### DIRECTIONS FOR THIS TASK
Begin at the line that contains "Temple of Paw: Winnings" and reproduce it along with every line after it to the end of the listing; skip any pictures.

### PROVIDED DATA
*** Block opens ***

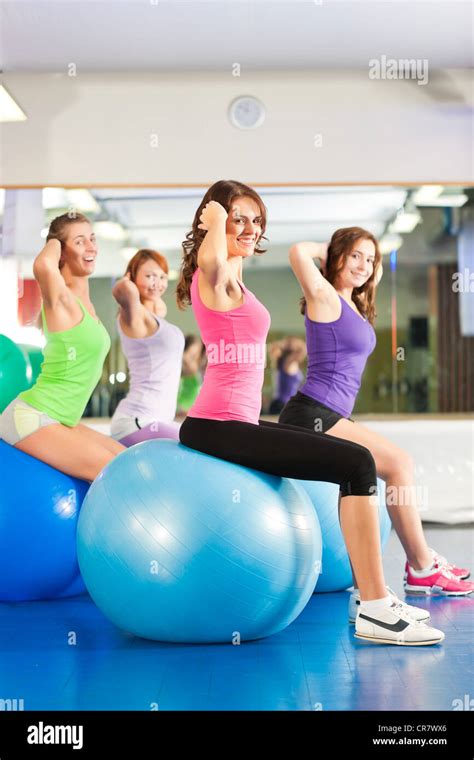 The 9 Best Stability Ball Exercises For Core Training Yuri Elkaim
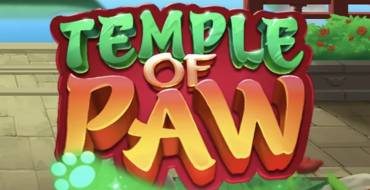 Temple of Paw: Winnings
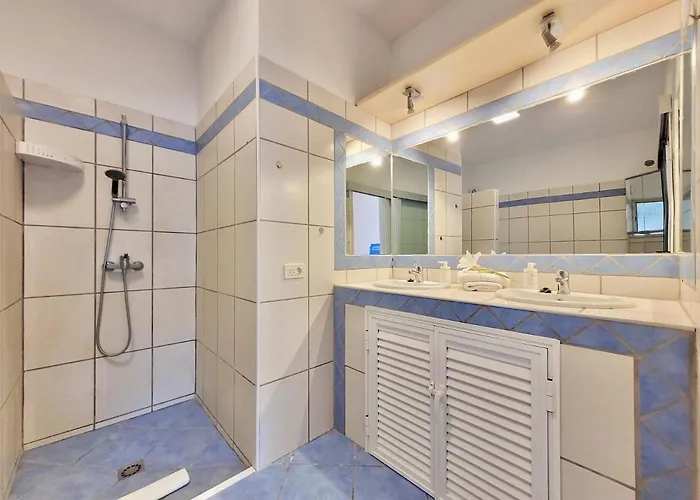 아파트 Another Day In Paradise Santa Úrsula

*** Block closes ***

### EXERCISE RESULT
 Temple of Paw: Winnings
 아파트 Another Day In Paradise Santa Úrsula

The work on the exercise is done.